En sortant le River Thames, K&K a corrigé le tir. N’empêche que la politique commerciale de l’entreprise allemande continue à m’interpeller. La série Heritage se vend exactement aux mêmes prix que ceux des Dunhill rebaptisés Peterson. Cela étant, je ne vois pas pourquoi j’achèterais les soi-disant copies de Kohlhase & Kopp conditionnées dans des boîtes moches au design tristounet, alors que je ne dois pas payer plus pour les authentiques successeurs des tabacs Dunhill vendus dans des boîtes qui reprennent le traditionnel design de la marque anglaise. Je ne dois pas être le seul à raisonner de la sorte. Je ne serai donc pas étonné s’il s’avère que les ersatz de Robert McConnell sont voués à l’échec commercial.

Peterson, Flake

Le Flake de Peterson et celui de Dunhill devraient, me semble-t-il, être identiques. Logique puisque seul le nom de marque a changé. Pourtant, si je découvre bel et bien des flakes qui ressemblent à s’y méprendre à ceux d’avant, leurs arômes n’ont rien en commun avec ceux que j’ai décrits ici ( Font-ils un tabac ? n°26). Cette fois-ci une claire odeur d’umami me saute à la figure.
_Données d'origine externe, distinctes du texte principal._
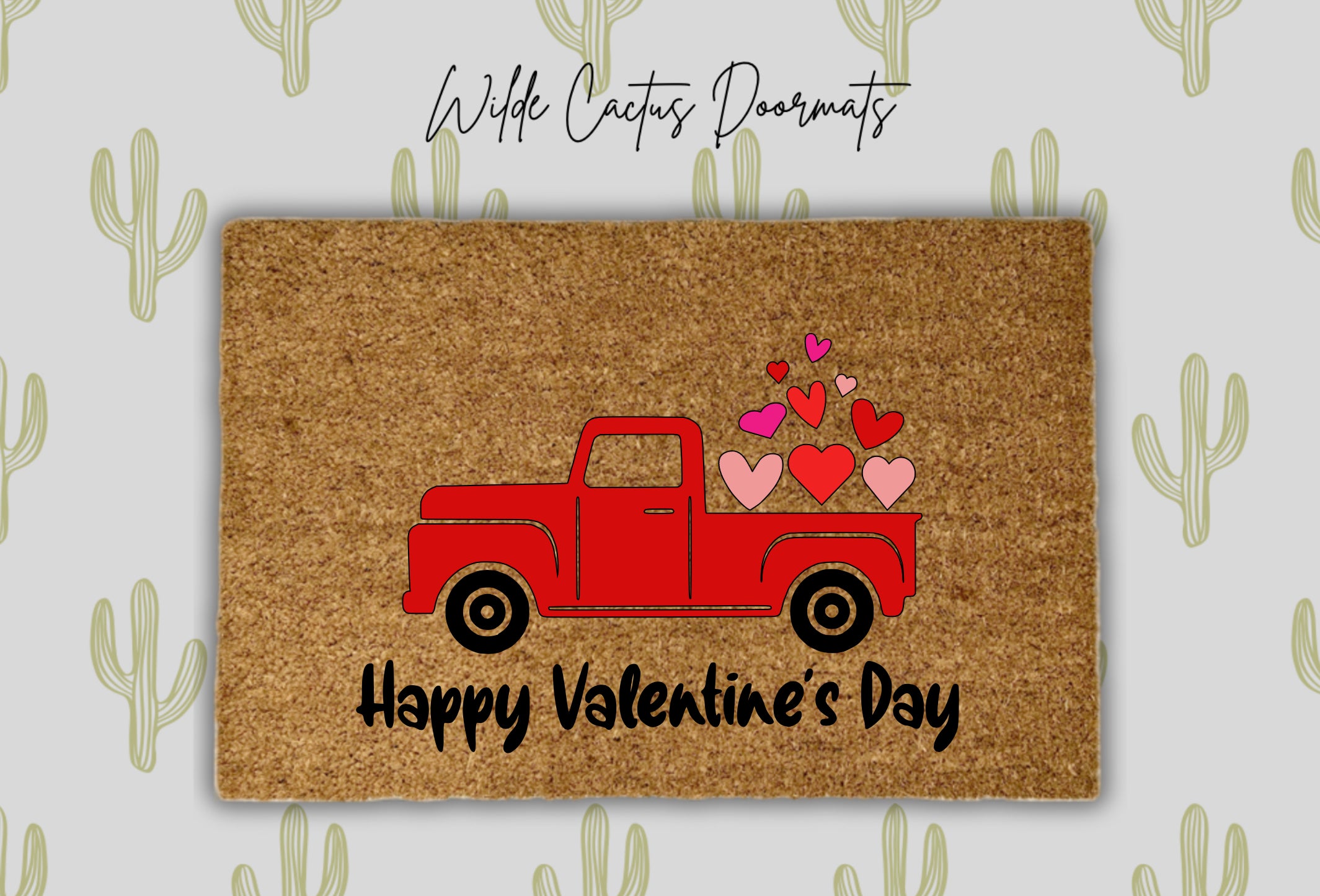 Valentine’s Day Truck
Je l’associe d’abord au cube bouillon, puis je me rends compte qu’elle me rappelle une odeur que je connais, mais que je suis incapable de nommer. Mais soudain eureka ! Cette odeur, et je suis le premier à en être étonné, c’est celle des boîtes de filets de maquereaux à l’huile d’olive d’une certaine marque portugaise. Deux jours plus tard, plus de maquereaux, mais une discrète odeur de virginia naturel et classique : du foin, de la terre sèche, du citron, une touche florale.

Autre source d’étonnement : le conditionnement en boîte ronde au milieu de laquelle est posée une pile de flakes parfaitement alignés et soigneusement emballés dans un rectangulaire écrin en papier. Cela fait beaucoup d’air dans la boîte. Alors pourquoi ne pas avoir conservé la boîte rectangulaire d’antan ?
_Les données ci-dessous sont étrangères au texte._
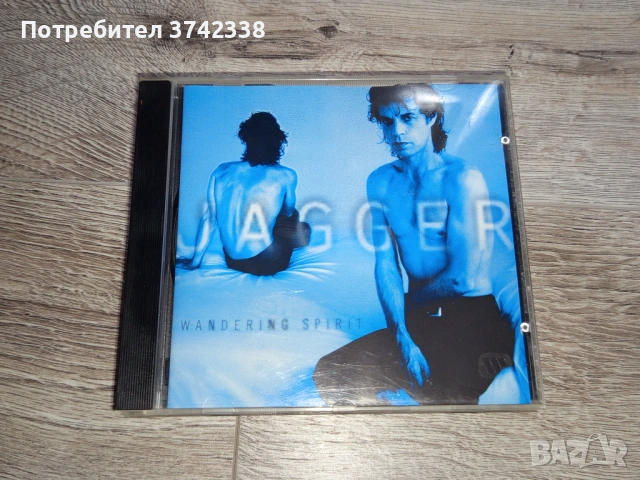 Компакт диск Mick Jagger – Wandering Spirit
Comme les tranches de tabac sont fines et souples, il est facile de les plier afin de procéder à un bourrage aux flakes entiers. Ils s’allument facilement et d’emblée je découvre des saveurs fort plaisantes de pain et d’herbe sèche et même un fruité que le nez n’avait pas annoncé. Ceci dit, très vite ce fruité disparaît dans le fond et fait place aux épices. Si l’entrée en matière était passablement douce, bientôt la structure change : les sucres sont complémentés d’une couche d’amertume et d’acidité qui, en collaboration avec le piquant des épices, rendent le tabac plus viril. Ce n’est pas pour autant que le Flake soit puissant : côté vitamine N il reste fort civilisé sans pour autant devenir faiblard.

Civilisé. Propre sur soi. Orthodoxe. Voilà un virginia blend correctement fait, équilibré, agréable. Convenable. Facile aussi : le Flake ne nécessite ni rallumages répétés ni maniement judicieux du tasse-braises. Je ne peux m’empêcher de penser que ce tabac se fume sans histoires parce que c’est un tabac sans histoire. Il ne me parle pas, il ne m’emmène pas en voyage, il ne m’émeut pas. Il n’y a rien à redire, c’est vrai. Mais en même temps le Flake n’a rien à me dire.

Peterson Flake

Le Flake a ses inconditionnels. C’est parfaitement compréhensible. N’empêche que personnellement, je préfère des virginias plus veloutés et plus plantureux. Moins monotones aussi. Je crois que le Dark Flake me conviendra davantage.